[Caption-style text data]
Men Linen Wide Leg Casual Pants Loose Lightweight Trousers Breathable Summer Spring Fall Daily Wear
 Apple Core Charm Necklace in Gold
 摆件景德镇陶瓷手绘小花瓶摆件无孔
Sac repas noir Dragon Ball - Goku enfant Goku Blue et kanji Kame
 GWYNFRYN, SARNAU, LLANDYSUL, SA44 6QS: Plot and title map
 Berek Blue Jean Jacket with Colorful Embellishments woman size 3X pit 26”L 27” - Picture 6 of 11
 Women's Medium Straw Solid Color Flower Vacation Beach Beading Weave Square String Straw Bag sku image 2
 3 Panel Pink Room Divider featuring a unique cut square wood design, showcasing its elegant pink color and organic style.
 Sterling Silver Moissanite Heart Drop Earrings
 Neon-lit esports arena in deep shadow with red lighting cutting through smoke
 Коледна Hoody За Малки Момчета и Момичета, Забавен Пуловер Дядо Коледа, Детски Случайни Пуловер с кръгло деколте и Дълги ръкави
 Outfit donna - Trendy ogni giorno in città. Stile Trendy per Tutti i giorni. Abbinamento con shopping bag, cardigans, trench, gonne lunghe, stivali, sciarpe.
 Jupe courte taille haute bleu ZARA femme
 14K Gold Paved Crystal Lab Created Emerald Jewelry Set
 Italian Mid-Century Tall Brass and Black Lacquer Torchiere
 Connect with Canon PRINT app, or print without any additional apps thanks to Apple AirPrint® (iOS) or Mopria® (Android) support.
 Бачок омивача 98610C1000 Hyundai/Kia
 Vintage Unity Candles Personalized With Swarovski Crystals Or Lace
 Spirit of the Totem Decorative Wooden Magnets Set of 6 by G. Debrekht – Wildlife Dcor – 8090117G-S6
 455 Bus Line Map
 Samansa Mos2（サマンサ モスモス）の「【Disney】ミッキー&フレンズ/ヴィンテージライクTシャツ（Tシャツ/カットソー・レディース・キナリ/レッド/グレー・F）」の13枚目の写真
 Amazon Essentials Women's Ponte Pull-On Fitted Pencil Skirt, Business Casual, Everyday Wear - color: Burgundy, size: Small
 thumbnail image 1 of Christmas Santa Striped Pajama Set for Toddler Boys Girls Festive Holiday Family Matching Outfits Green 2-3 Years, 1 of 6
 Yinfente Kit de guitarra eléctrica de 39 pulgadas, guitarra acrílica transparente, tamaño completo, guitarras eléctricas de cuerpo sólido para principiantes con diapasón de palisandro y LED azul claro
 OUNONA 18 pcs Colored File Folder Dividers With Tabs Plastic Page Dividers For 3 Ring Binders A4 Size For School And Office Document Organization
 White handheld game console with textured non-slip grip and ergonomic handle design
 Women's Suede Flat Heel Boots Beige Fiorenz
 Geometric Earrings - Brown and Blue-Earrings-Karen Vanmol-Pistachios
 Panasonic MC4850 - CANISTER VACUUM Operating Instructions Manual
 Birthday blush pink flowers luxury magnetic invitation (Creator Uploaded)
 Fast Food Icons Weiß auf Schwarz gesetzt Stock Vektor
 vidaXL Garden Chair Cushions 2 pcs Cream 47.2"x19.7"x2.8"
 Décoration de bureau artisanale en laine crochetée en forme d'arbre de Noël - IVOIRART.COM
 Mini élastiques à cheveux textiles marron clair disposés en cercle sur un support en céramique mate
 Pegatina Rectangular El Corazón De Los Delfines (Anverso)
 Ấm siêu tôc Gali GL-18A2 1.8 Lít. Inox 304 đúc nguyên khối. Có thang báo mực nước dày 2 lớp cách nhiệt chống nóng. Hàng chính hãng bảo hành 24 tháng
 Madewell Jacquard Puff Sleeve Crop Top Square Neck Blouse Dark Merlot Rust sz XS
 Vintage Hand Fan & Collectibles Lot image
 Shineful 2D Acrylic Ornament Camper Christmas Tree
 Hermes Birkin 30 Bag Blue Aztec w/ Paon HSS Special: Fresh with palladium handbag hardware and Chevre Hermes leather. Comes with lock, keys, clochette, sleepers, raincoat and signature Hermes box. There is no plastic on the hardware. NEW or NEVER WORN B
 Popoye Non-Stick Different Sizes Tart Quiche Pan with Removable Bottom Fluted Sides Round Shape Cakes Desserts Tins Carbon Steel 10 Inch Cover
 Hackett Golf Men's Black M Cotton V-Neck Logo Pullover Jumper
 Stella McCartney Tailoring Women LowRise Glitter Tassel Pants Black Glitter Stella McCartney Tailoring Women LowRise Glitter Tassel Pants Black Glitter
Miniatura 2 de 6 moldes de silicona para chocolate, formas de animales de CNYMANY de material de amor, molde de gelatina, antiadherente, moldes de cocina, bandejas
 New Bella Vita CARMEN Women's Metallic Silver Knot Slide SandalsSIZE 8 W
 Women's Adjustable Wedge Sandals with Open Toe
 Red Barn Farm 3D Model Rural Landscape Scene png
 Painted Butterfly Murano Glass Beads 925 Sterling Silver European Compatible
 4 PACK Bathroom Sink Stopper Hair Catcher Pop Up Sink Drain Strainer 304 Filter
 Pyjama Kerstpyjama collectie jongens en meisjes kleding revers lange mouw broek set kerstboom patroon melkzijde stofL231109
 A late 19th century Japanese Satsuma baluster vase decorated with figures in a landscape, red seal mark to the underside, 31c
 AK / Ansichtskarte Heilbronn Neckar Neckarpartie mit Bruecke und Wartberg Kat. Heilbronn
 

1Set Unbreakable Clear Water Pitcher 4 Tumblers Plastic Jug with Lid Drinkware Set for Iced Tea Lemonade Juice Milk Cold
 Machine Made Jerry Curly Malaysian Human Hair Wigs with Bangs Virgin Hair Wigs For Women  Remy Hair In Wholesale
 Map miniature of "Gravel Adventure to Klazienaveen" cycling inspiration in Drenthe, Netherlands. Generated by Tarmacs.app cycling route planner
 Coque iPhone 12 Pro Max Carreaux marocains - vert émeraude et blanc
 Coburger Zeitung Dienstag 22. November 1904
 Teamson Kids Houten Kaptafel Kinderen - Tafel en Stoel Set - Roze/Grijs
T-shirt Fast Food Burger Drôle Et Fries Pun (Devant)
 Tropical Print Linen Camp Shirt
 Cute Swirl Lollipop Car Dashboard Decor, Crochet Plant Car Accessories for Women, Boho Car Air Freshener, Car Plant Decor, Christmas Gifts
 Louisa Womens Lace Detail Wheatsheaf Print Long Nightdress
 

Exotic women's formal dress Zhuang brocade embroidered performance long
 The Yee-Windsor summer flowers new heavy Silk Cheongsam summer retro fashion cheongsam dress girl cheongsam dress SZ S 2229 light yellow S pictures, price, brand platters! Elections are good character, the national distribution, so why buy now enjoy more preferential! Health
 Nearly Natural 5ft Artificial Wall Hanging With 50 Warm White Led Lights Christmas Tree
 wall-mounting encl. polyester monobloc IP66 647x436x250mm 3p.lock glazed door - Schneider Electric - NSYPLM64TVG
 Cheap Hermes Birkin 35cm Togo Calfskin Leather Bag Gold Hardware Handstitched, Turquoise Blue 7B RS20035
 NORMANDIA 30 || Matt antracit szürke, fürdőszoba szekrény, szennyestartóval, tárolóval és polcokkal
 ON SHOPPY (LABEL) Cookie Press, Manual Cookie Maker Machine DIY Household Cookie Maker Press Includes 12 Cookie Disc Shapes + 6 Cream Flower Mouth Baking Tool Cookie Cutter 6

Activity → Reproduce precisely, and with no line left out, each line from the top of the entries through the line that carries "455 Bus Line Map".

Task result →
Men Linen Wide Leg Casual Pants Loose Lightweight Trousers Breathable Summer Spring Fall Daily Wear
 Apple Core Charm Necklace in Gold
 摆件景德镇陶瓷手绘小花瓶摆件无孔
Sac repas noir Dragon Ball - Goku enfant Goku Blue et kanji Kame
 GWYNFRYN, SARNAU, LLANDYSUL, SA44 6QS: Plot and title map
 Berek Blue Jean Jacket with Colorful Embellishments woman size 3X pit 26”L 27” - Picture 6 of 11
 Women's Medium Straw Solid Color Flower Vacation Beach Beading Weave Square String Straw Bag sku image 2
 3 Panel Pink Room Divider featuring a unique cut square wood design, showcasing its elegant pink color and organic style.
 Sterling Silver Moissanite Heart Drop Earrings
 Neon-lit esports arena in deep shadow with red lighting cutting through smoke
 Коледна Hoody За Малки Момчета и Момичета, Забавен Пуловер Дядо Коледа, Детски Случайни Пуловер с кръгло деколте и Дълги ръкави
 Outfit donna - Trendy ogni giorno in città. Stile Trendy per Tutti i giorni. Abbinamento con shopping bag, cardigans, trench, gonne lunghe, stivali, sciarpe.
 Jupe courte taille haute bleu ZARA femme
 14K Gold Paved Crystal Lab Created Emerald Jewelry Set
 Italian Mid-Century Tall Brass and Black Lacquer Torchiere
 Connect with Canon PRINT app, or print without any additional apps thanks to Apple AirPrint® (iOS) or Mopria® (Android) support.
 Бачок омивача 98610C1000 Hyundai/Kia
 Vintage Unity Candles Personalized With Swarovski Crystals Or Lace
 Spirit of the Totem Decorative Wooden Magnets Set of 6 by G. Debrekht – Wildlife Dcor – 8090117G-S6
 455 Bus Line Map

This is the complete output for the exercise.